Exercise details -
Pictures are to be left out. Return exactly the lines below from the one with "12 inch Pots" up to and including the one with "SHEIN Red and".

Records to process -
[Start of Attachment]

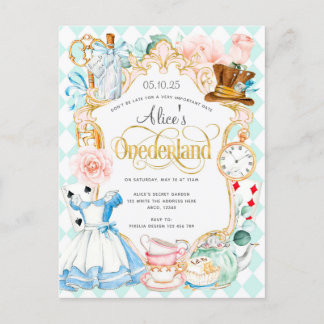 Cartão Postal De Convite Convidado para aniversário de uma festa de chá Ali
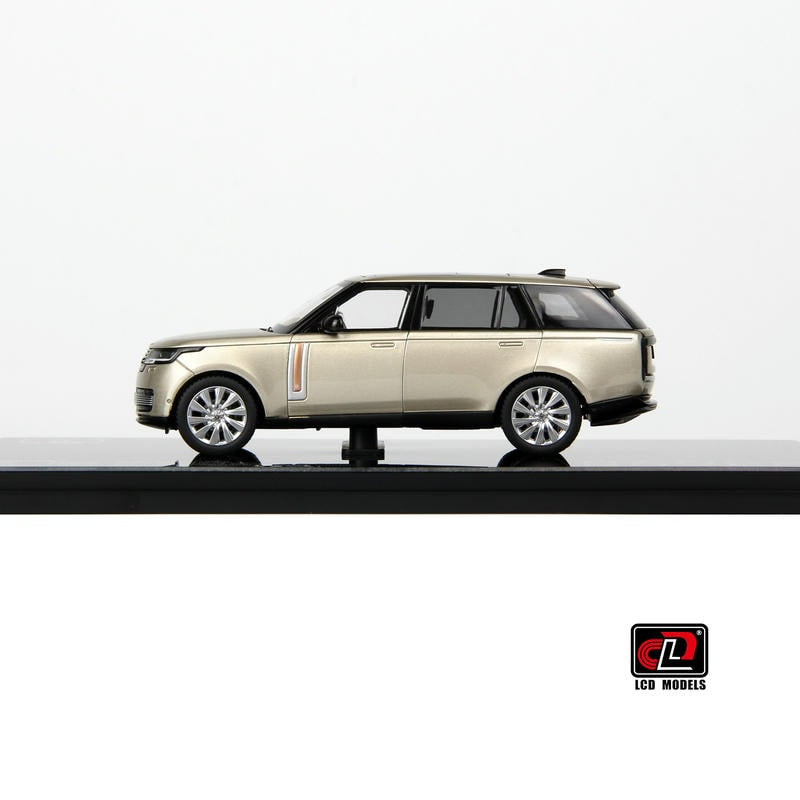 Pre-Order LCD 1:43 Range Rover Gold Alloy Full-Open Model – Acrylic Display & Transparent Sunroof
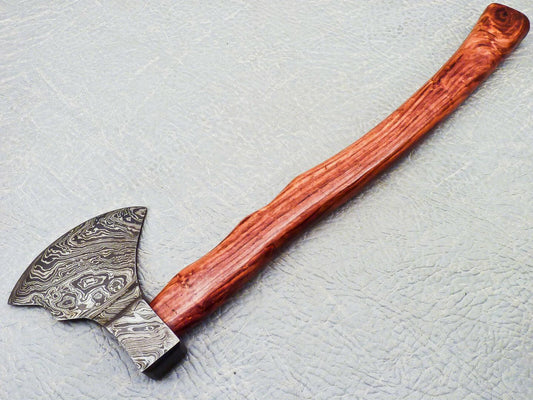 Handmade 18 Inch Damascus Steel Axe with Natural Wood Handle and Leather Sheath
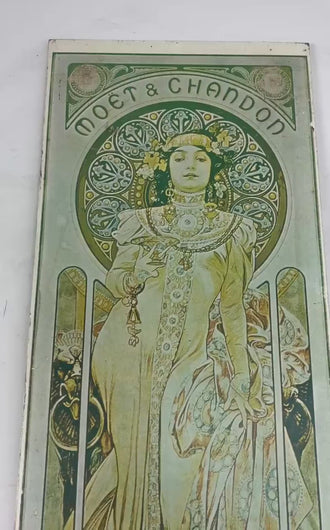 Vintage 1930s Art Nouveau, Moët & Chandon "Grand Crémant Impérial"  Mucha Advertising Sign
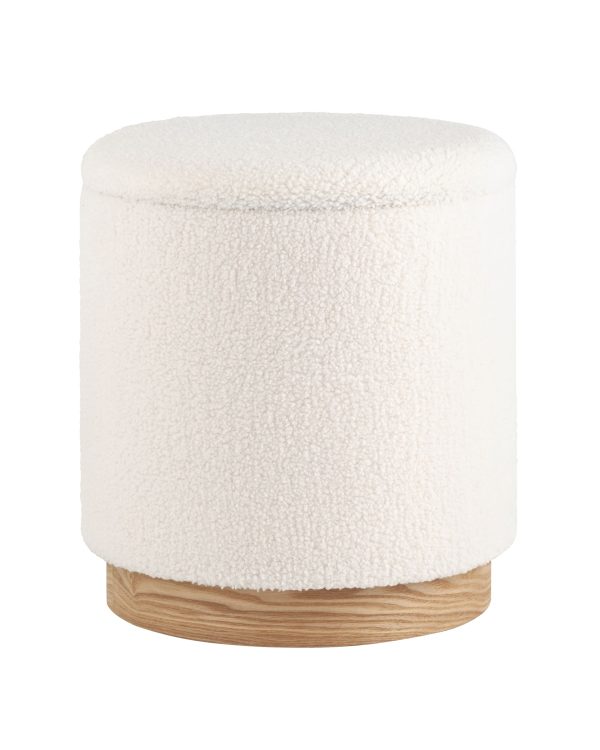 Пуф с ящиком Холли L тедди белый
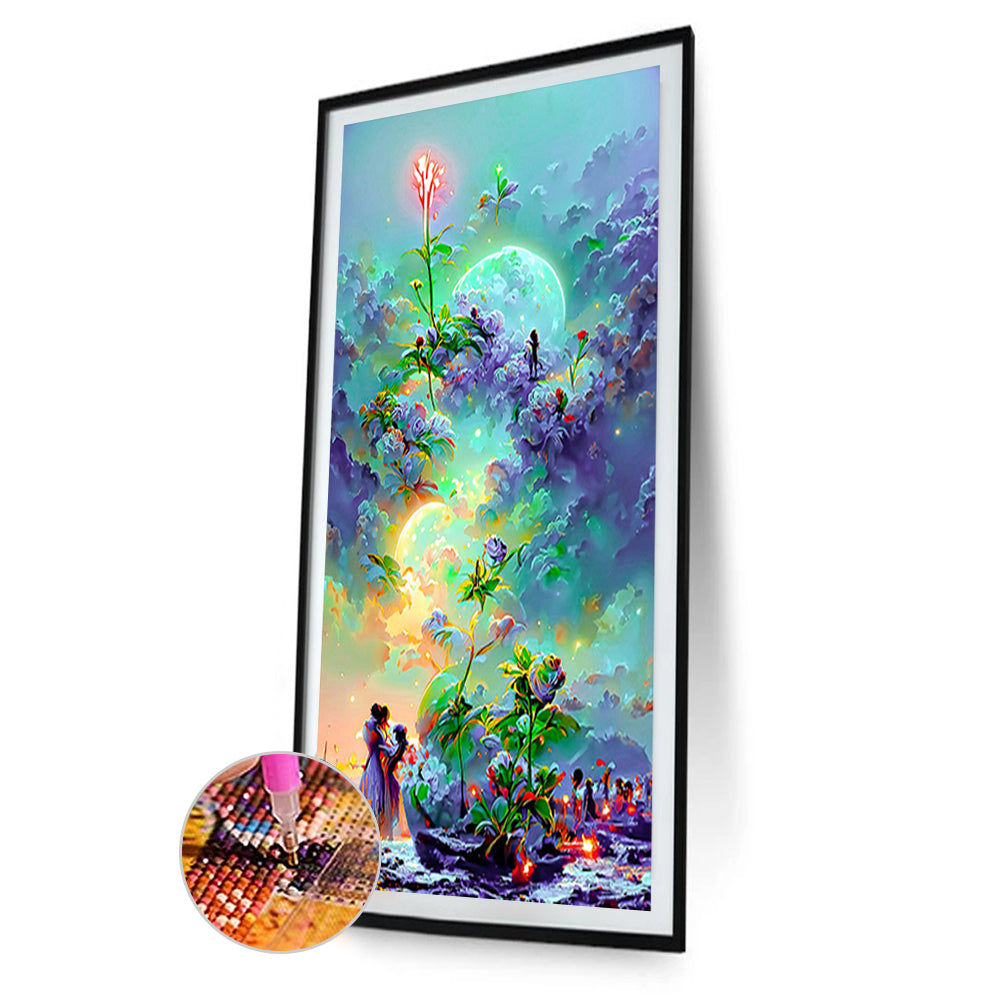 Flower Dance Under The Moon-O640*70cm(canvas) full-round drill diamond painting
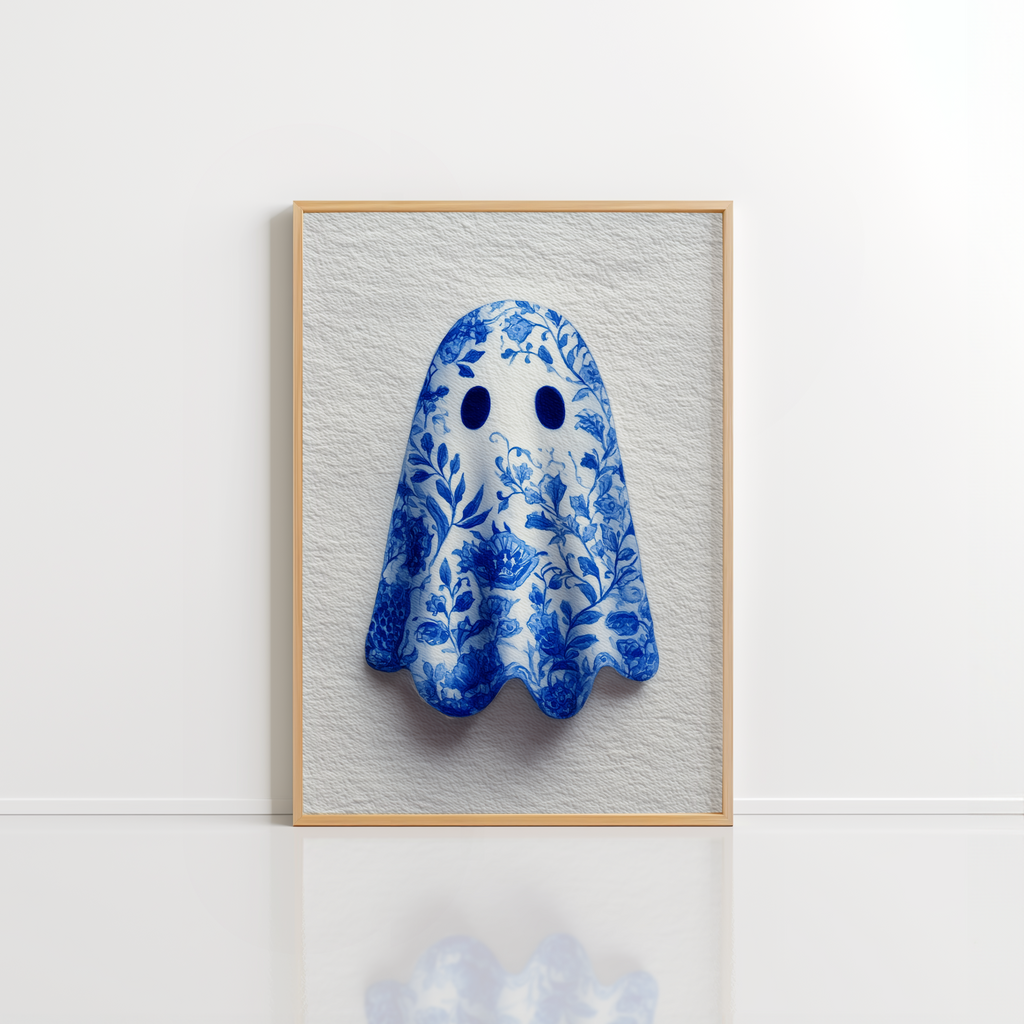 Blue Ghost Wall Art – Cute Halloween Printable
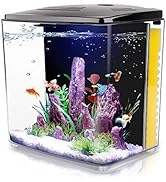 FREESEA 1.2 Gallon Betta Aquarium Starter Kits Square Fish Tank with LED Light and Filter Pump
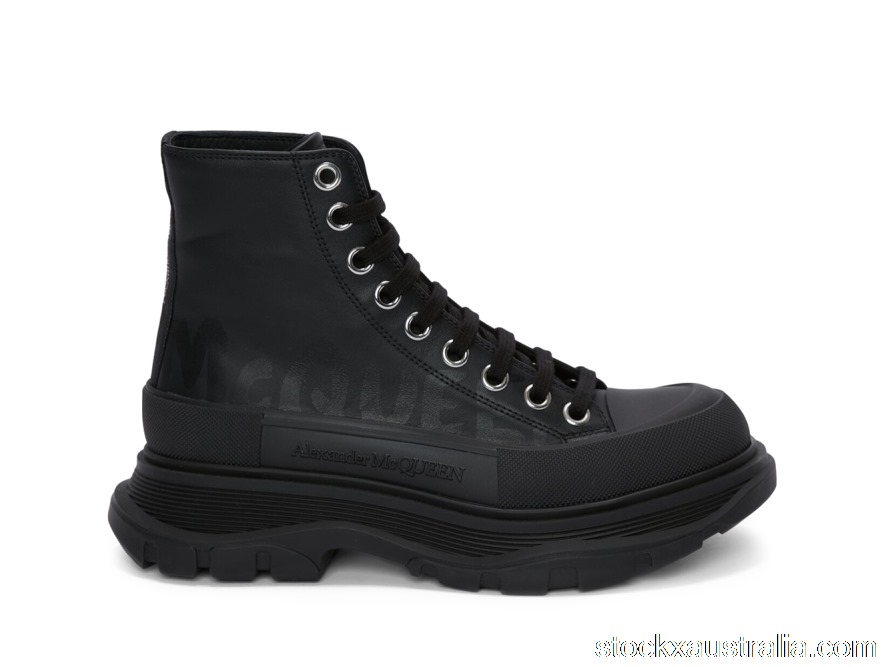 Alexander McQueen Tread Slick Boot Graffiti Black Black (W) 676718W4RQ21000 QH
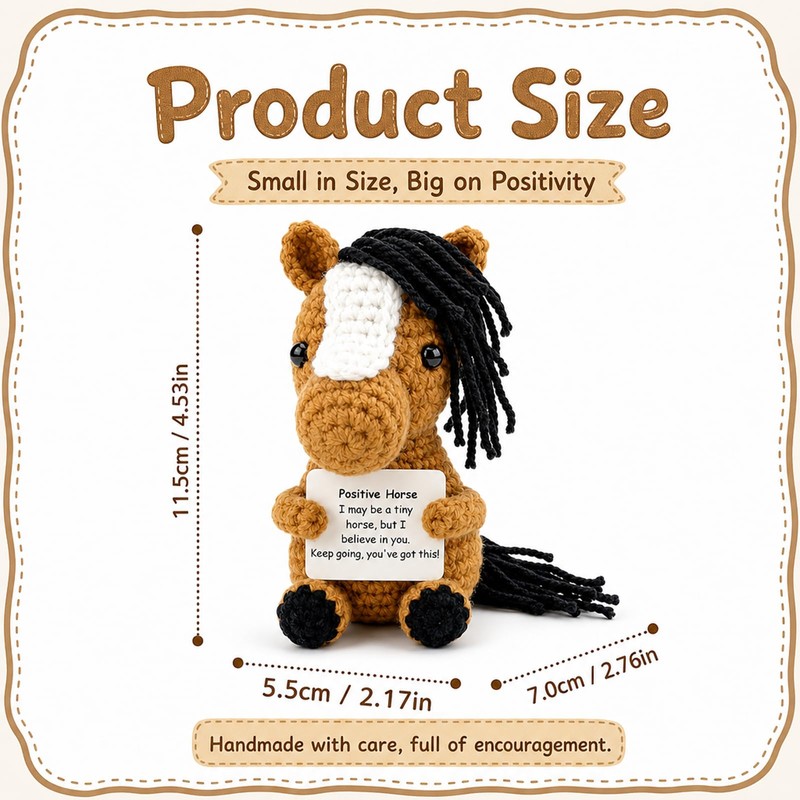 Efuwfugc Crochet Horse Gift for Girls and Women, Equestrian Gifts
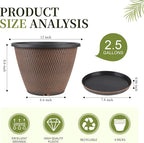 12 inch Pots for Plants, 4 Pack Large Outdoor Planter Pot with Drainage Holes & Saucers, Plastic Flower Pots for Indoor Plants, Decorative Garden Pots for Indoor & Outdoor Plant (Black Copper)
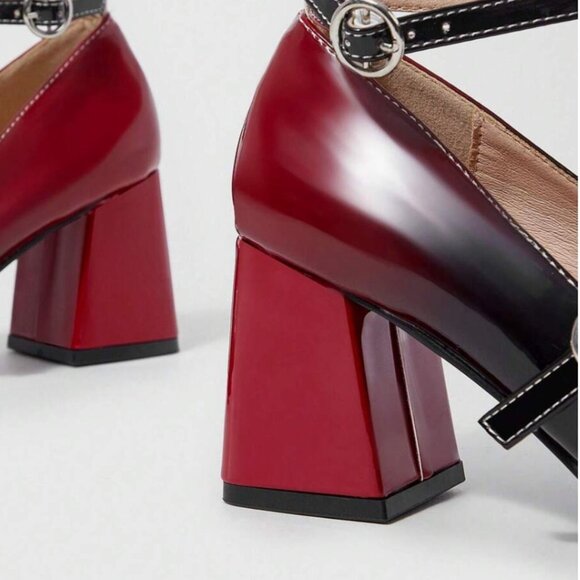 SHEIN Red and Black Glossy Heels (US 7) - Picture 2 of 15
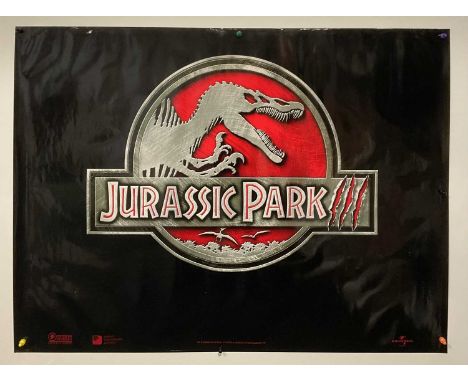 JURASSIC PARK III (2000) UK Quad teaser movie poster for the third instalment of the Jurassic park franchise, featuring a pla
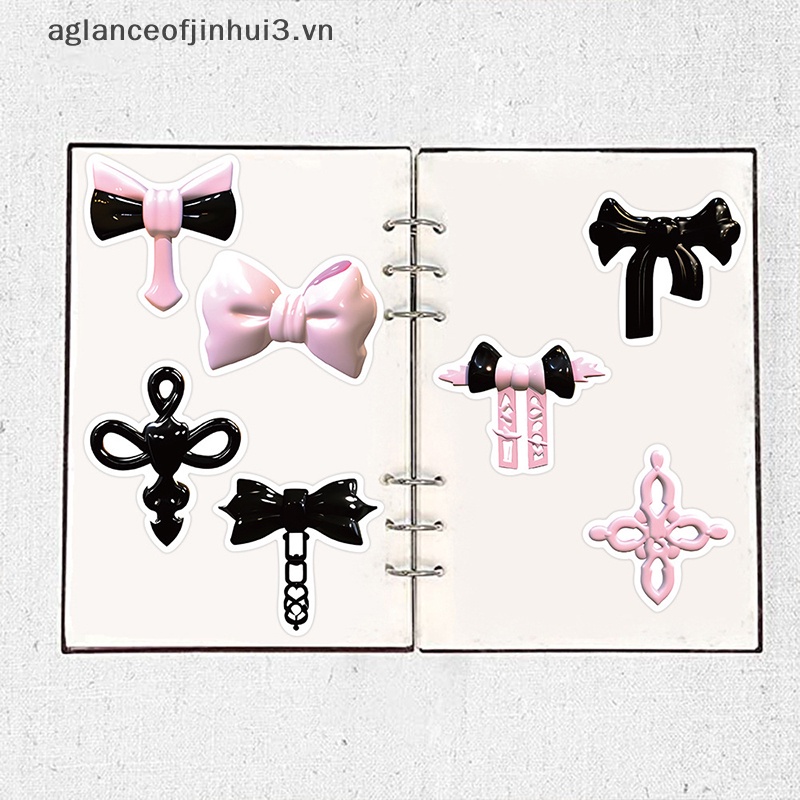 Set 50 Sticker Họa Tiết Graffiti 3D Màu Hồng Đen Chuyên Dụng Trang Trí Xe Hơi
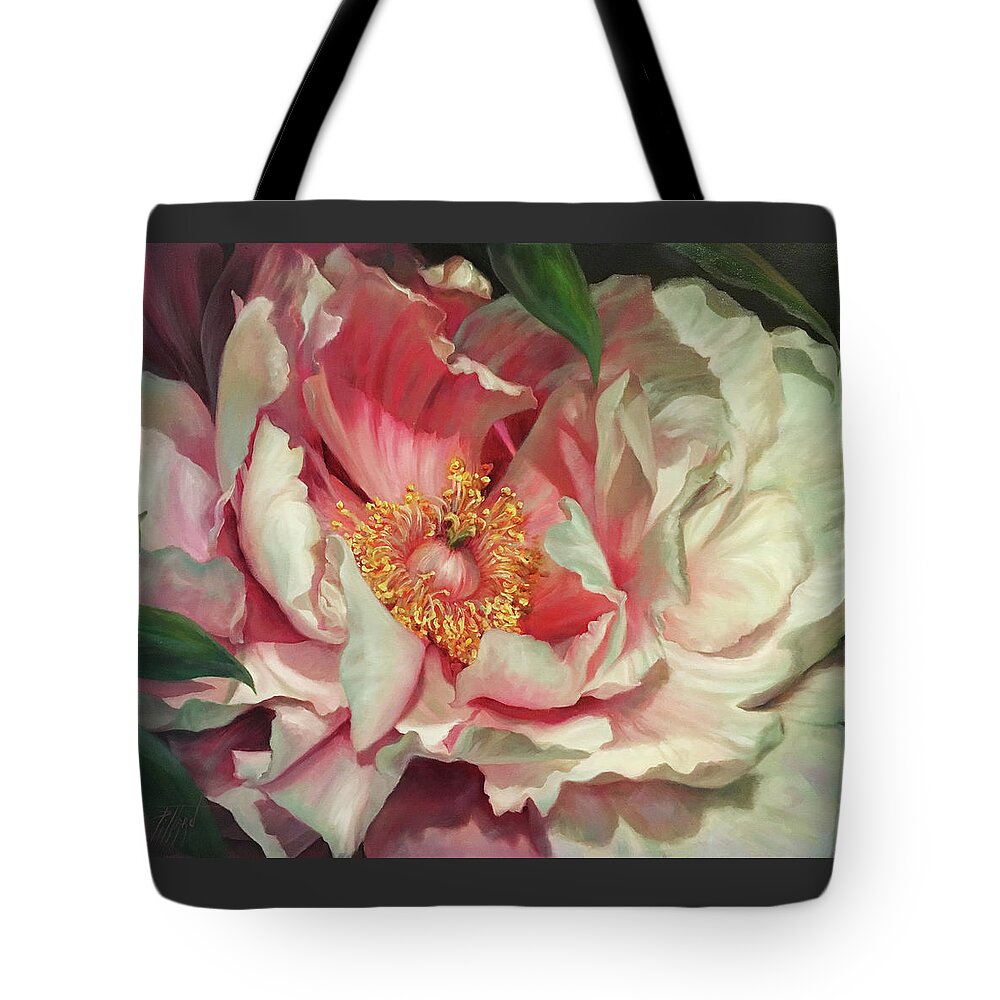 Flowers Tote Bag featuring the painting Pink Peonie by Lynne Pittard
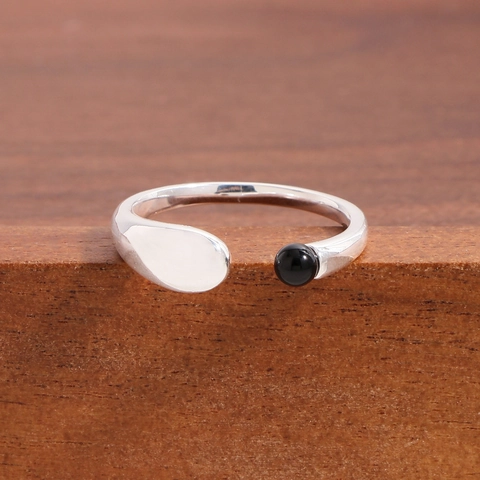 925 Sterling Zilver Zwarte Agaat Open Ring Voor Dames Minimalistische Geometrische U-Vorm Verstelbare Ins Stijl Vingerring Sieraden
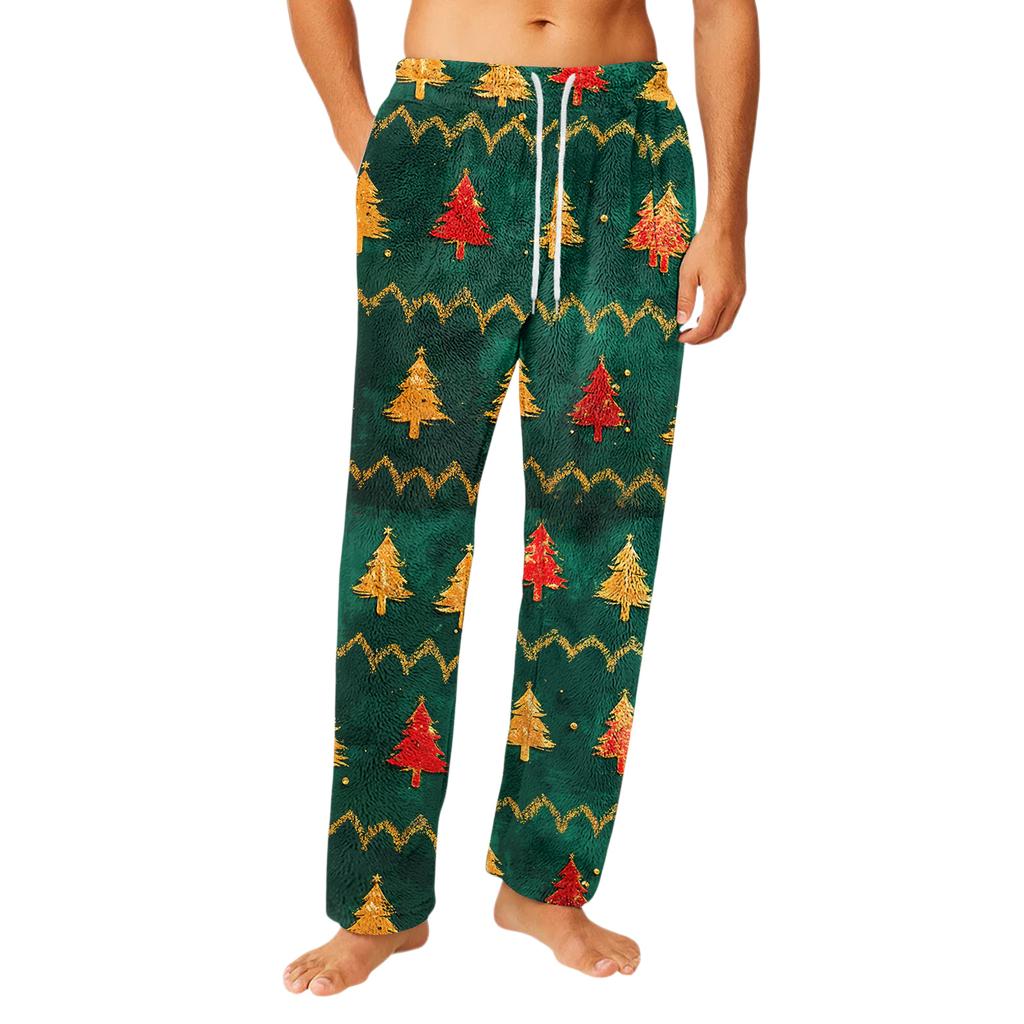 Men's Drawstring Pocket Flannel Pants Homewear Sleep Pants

[End of Attachment]

Task output -
 12 inch Pots for Plants, 4 Pack Large Outdoor Planter Pot with Drainage Holes & Saucers, Plastic Flower Pots for Indoor Plants, Decorative Garden Pots for Indoor & Outdoor Plant (Black Copper)
 SHEIN Red and Black Glossy Heels (US 7) - Picture 2 of 15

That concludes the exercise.